■ **AIM OF THE EXERCISE**:
Pictures stay out of the copy, and everything else in the data below is repeated exactly.
SUPPLIED DATA START
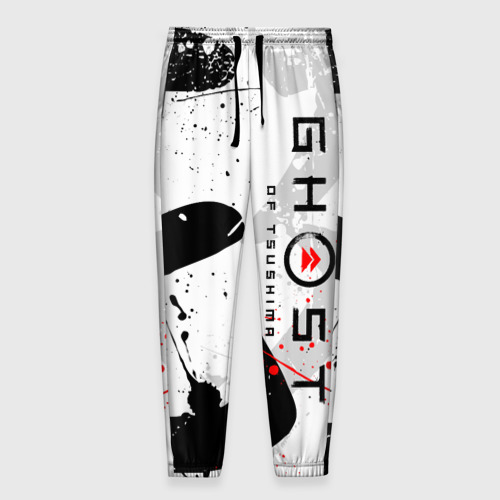 Мужские брюки с принтом Ghost of Tsushima призрак Цусимы белый, вид спереди №1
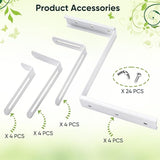 VIVIKEN Adjustable Planter Box Bracket, Flower Box Holder Brackets for Deck Railing, Window Box Hanging Brackets for Patio Garden Fence Pergola Balcony Supporting Heavy Planters-4 Pack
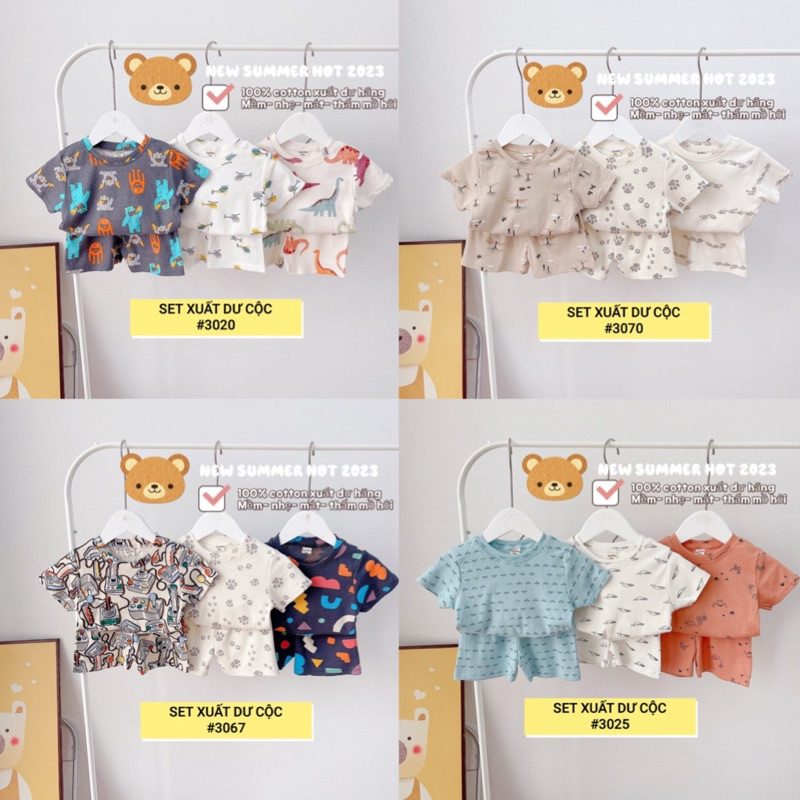 SET 3 BỘ CỘC TAY XUẤT DƯ BÉ TRAI
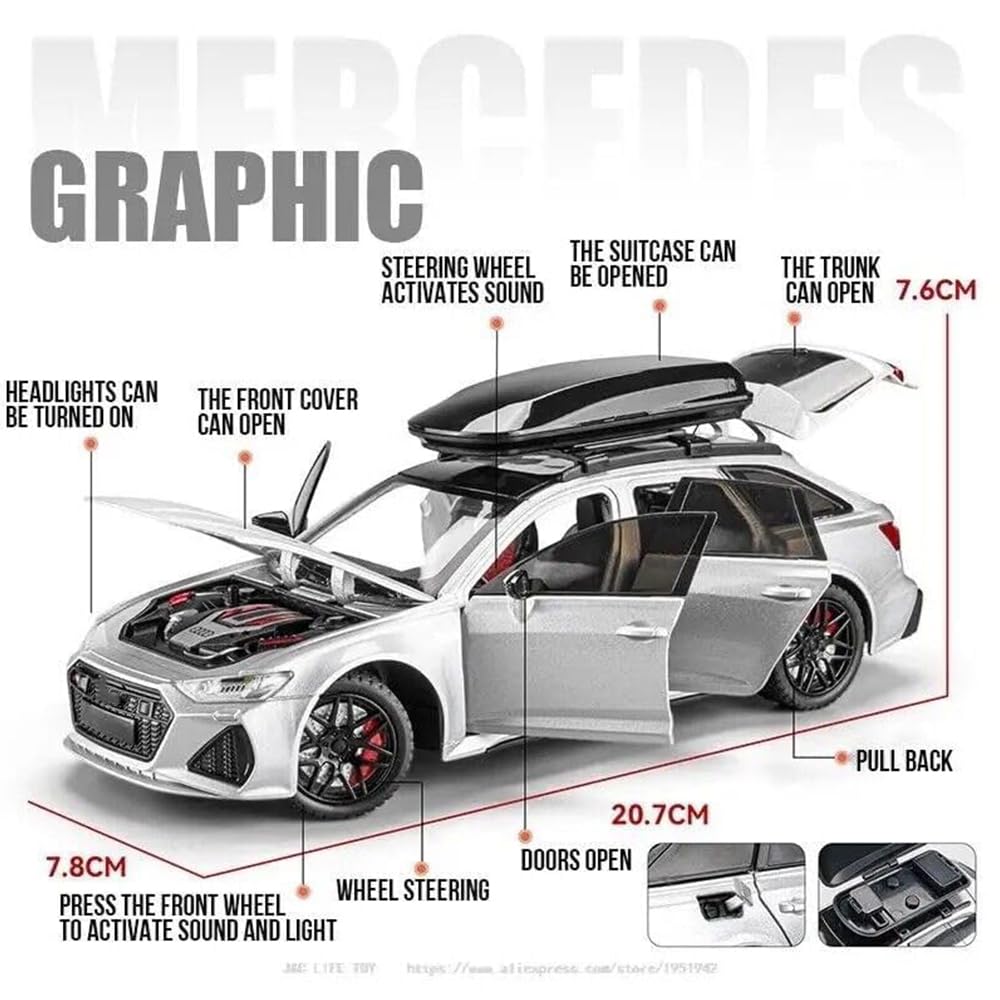 سيارة أودي RS6 أفانت المعدنية مع صندوق سقف – Die-Cast Audi RS6 Avant 1:32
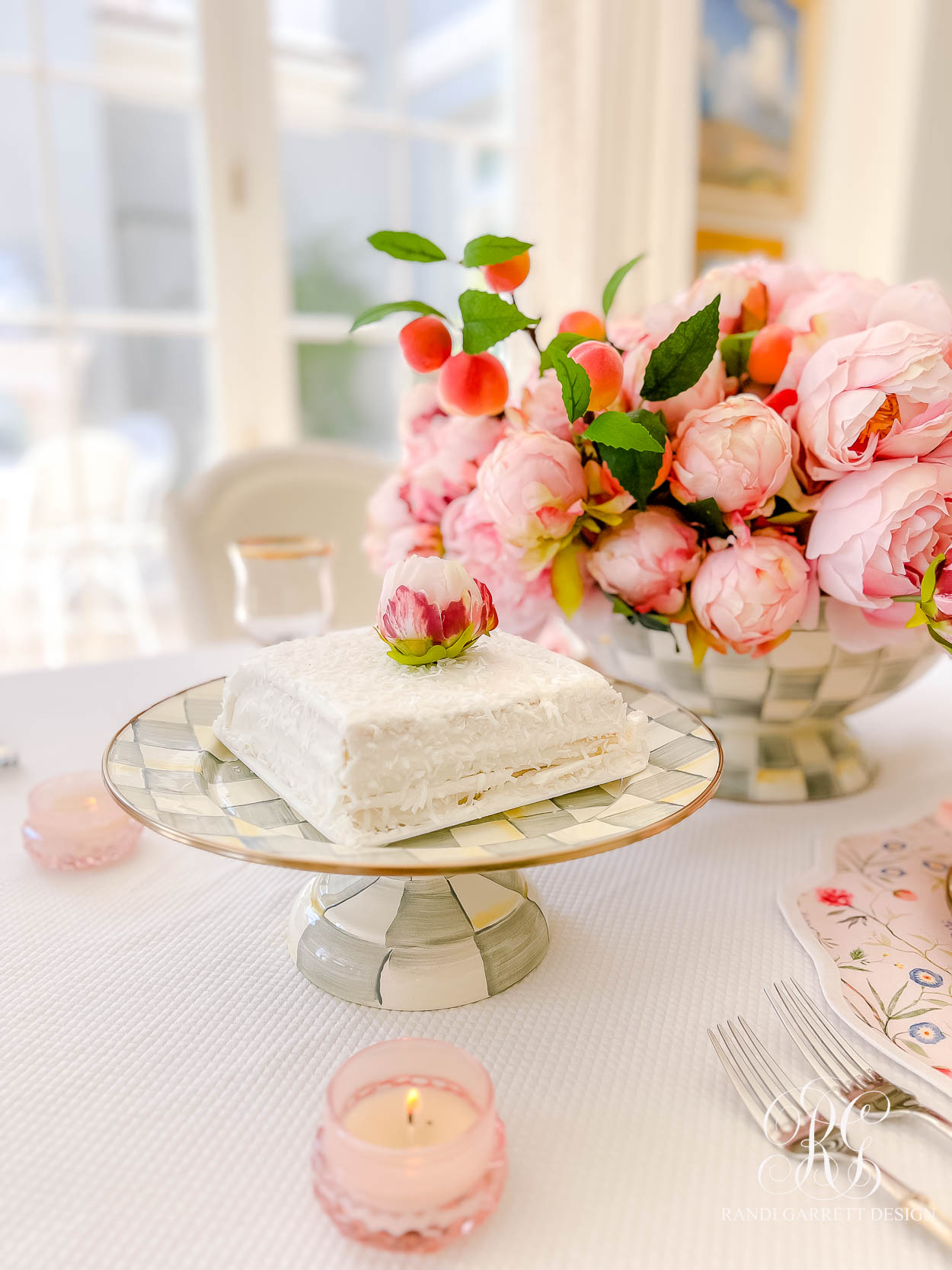  Mackenzie-Childs Sterling Check Peony Table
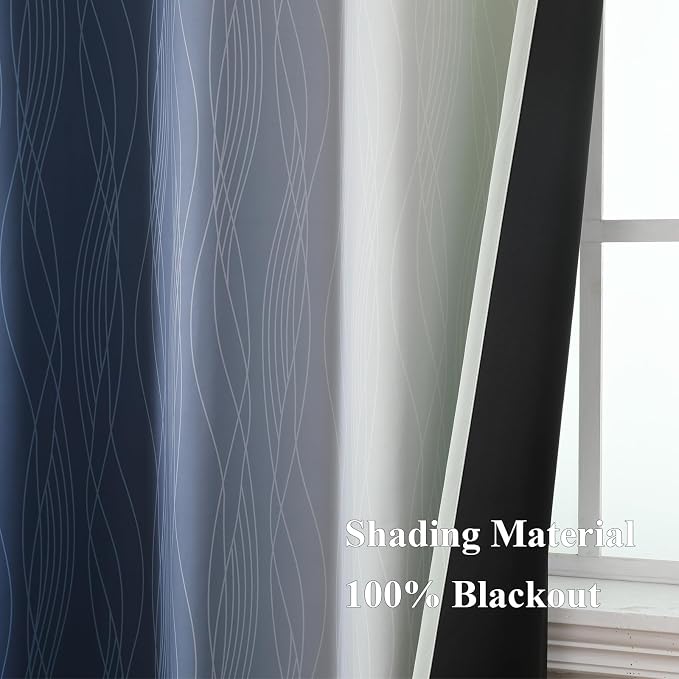 Navy Blue and Sage Green Ombre Blackout Curtains - Image 5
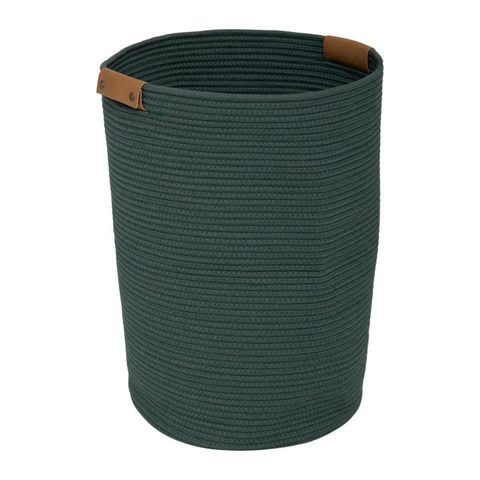 5Five Panier à linge 80L l.44 x L.44 x H.56 cm coloris vert ficus, Duo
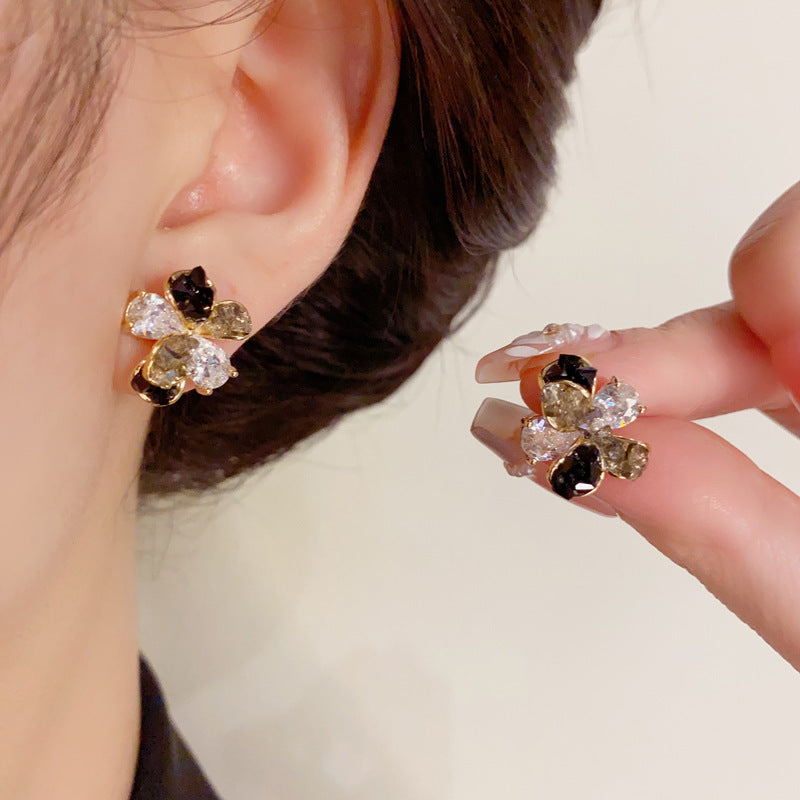 14K Gold-Plated Color-Block Diamond Petal Earrings - Elegant Design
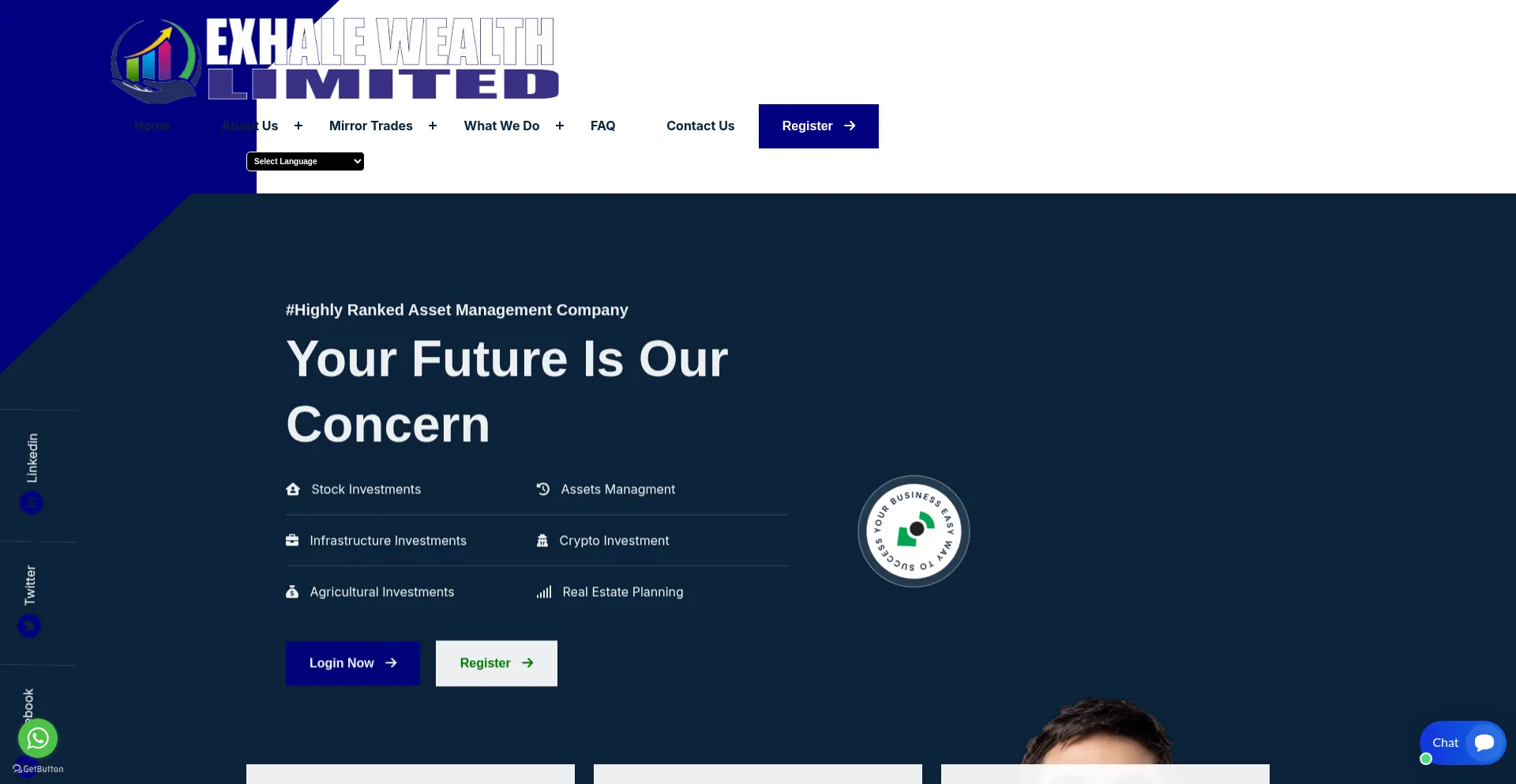 Website screenshot of Exhalewealthlimited.com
SUPPLIED DATA END
■ **WRITTEN SOLUTION**:
 Мужские брюки с принтом Ghost of Tsushima призрак Цусимы белый, вид спереди №1
 VIVIKEN Adjustable Planter Box Bracket, Flower Box Holder Brackets for Deck Railing, Window Box Hanging Brackets for Patio Garden Fence Pergola Balcony Supporting Heavy Planters-4 Pack
 SET 3 BỘ CỘC TAY XUẤT DƯ BÉ TRAI
 سيارة أودي RS6 أفانت المعدنية مع صندوق سقف – Die-Cast Audi RS6 Avant 1:32
  Mackenzie-Childs Sterling Check Peony Table
 Navy Blue and Sage Green Ombre Blackout Curtains - Image 5
 5Five Panier à linge 80L l.44 x L.44 x H.56 cm coloris vert ficus, Duo
 14K Gold-Plated Color-Block Diamond Petal Earrings - Elegant Design
 Website screenshot of Exhalewealthlimited.com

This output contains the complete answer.